Updated helper functions:
- high(x) = ⌊x / ⌊√u⌋⌋
- low(x) = x mod ⌊√u⌋
- index(x, y) = x · ⌊√u⌋ + y
vEB Tree Structure
A vEB tree vEB(u) contains:
- u: universe size
- min: minimum element in the tree (or NIL if empty)
- max: maximum element in the tree (or NIL if empty)
- summary: pointer to a vEB(⌈√u⌉) tree
- cluster[0 .. ⌈√u⌉ − 1]: array of ⌈√u⌉ pointers to vEB(⌊√u⌋) trees
Critical property: The element stored in min does NOT appear in any cluster. The element in max does appear in a cluster (unless min == max, i.e., only one element).
Base case (u = 2): Only uses min and max (no A array, no clusters).

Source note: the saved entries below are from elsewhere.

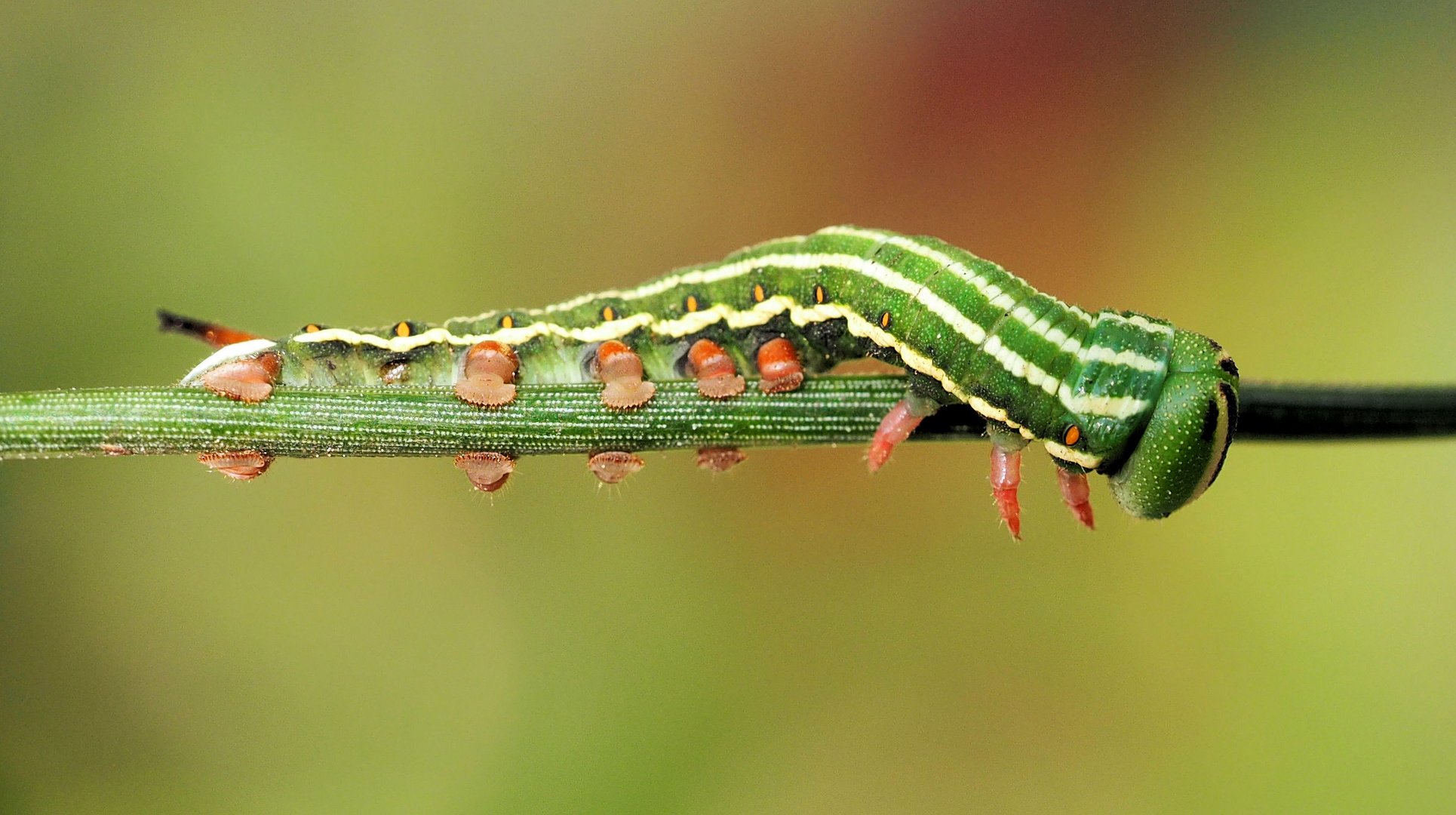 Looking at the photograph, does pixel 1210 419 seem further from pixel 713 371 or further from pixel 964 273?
pixel 713 371

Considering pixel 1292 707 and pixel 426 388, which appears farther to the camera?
pixel 1292 707

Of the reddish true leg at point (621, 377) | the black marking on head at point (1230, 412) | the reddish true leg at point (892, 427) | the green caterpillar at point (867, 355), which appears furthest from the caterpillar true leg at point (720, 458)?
the black marking on head at point (1230, 412)

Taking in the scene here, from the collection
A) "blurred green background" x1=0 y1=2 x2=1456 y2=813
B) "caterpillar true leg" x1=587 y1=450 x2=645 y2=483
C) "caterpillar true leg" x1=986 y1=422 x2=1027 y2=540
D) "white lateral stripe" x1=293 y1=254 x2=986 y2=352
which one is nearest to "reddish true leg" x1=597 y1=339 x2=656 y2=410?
"white lateral stripe" x1=293 y1=254 x2=986 y2=352

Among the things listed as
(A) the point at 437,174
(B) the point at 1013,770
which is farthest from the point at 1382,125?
(A) the point at 437,174

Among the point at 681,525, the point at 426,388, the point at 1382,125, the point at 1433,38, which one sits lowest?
the point at 681,525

Why min/max Enable O(lg lg u)
The min and max attributes reduce recursive calls in four ways:
- MINIMUM/MAXIMUM need no recursion — just return min or max
- SUCCESSOR: Can check if successor is in x's cluster by comparing x with the cluster's max (no recursive call needed). Symmetric for PREDECESSOR and min
- Empty/singleton detection in O(1): both NIL → empty; equal non-NIL → one element; unequal non-NIL → two or more
- Insert into empty tree and delete from singleton take O(1) — just update min/max
Recurrence for vEB Operations
T(u) ≤ T(⌈√u⌉) + O(1)
Solution: T(u) = O(lg lg u) (same analysis as before; the ceiling doesn't affect asymptotics since ⌈m/2⌉ ≤ 2m/3 for m ≥ 2).
Space and Creation
- Total space: O(u)
- Creating an empty vEB tree: O(u) time
- Only worthwhile when performing enough operations to amortize creation cost
vEB Tree Operations
MINIMUM and MAXIMUM — O(1)
VEB-TREE-MINIMUM(V)
return V.min
VEB-TREE-MAXIMUM(V)
return V.max
MEMBER — O(lg lg u)
VEB-TREE-MEMBER(V, x)
if x == V.min or x == V.max
return TRUE
elseif V.u == 2
return FALSE
else return VEB-TREE-MEMBER(V.cluster[high(x)], low(x))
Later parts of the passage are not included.